# My first mac



## HuskerBury (May 16, 2012)

Hey guys, thinking about buying my first mac. Just for work purposes. I was wondering if anyone had any idea as to where I could spend less than about $400 for a mac. Any suggestions for this, I don't want the newest one.... since this is me experimenting with a mac. I just need one that will proficient enough to get the job done for work, which would consist of running AIM, WLM, and a few browsers. 

I guess any suggestions as to what type or the name of one I should look for? Also I wouldn't mind a desktop or a laptop. Anything special I look for in the specs or all they all pretty fast? 

Thanks!


----------



## DoubleHelix (Dec 10, 2004)

You can't run *Windows* Live Mail on a Mac. You also can't buy anything current or even previous generation for $400.

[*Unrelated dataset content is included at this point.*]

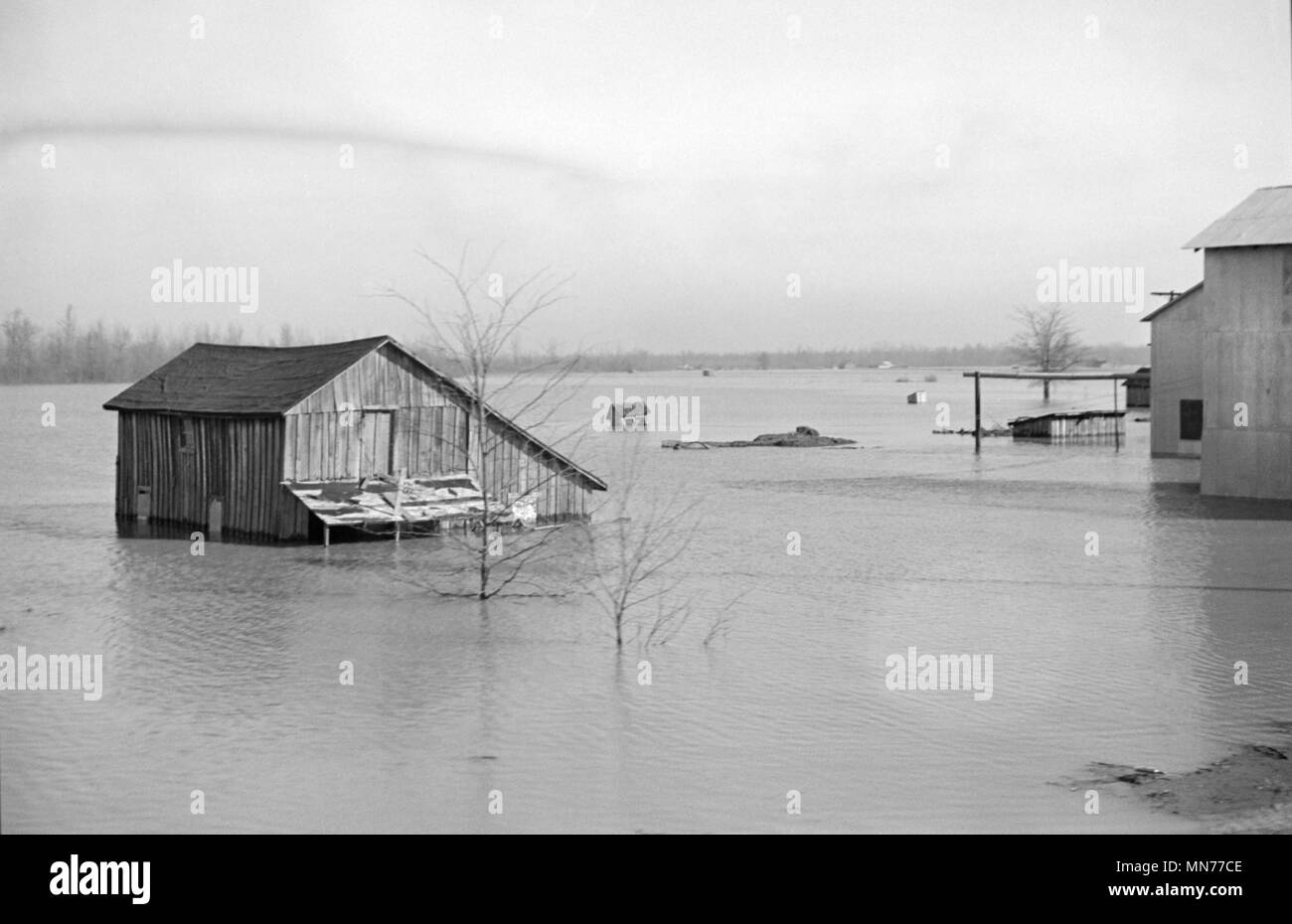 Vista del diluvio dal treno in rotta di Forrest City, Arkansas da Memphis, Tennessee, Stati Uniti d'America, Edwin Locke PER GLI STATI UNITI Amministrazione di reinsediamento, Febbraio 1937 Foto Stock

If your job requires only requires the use of AOL Instant Messenger, *Windows* Live Mail, and a web browser, you not only cannot use a Mac, but there would be no point. People buy Macs because they prefer the hardware and operating system. If you're not familiar with either, why would you want one?


----------



## HuskerBury (May 16, 2012)

Wow, not the response I was looking for. Thanks for your time. You can run AIM on a mac.... I know several people who have it on there. I DONT have to use WLM, I can use any email program. I didn't mean to make it sound like I HAVE to run WLM. But thanks for your time. Guess I wont ever get a mac now. wow


----------



## DoubleHelix (Dec 10, 2004)

If you only want to use a laptop with a chat client, an e-mail program, and some browsers, *why* so you want a Mac? You obviously aren't interested in the new, fast, well-designed hardware and operating system. You can't get that for $400.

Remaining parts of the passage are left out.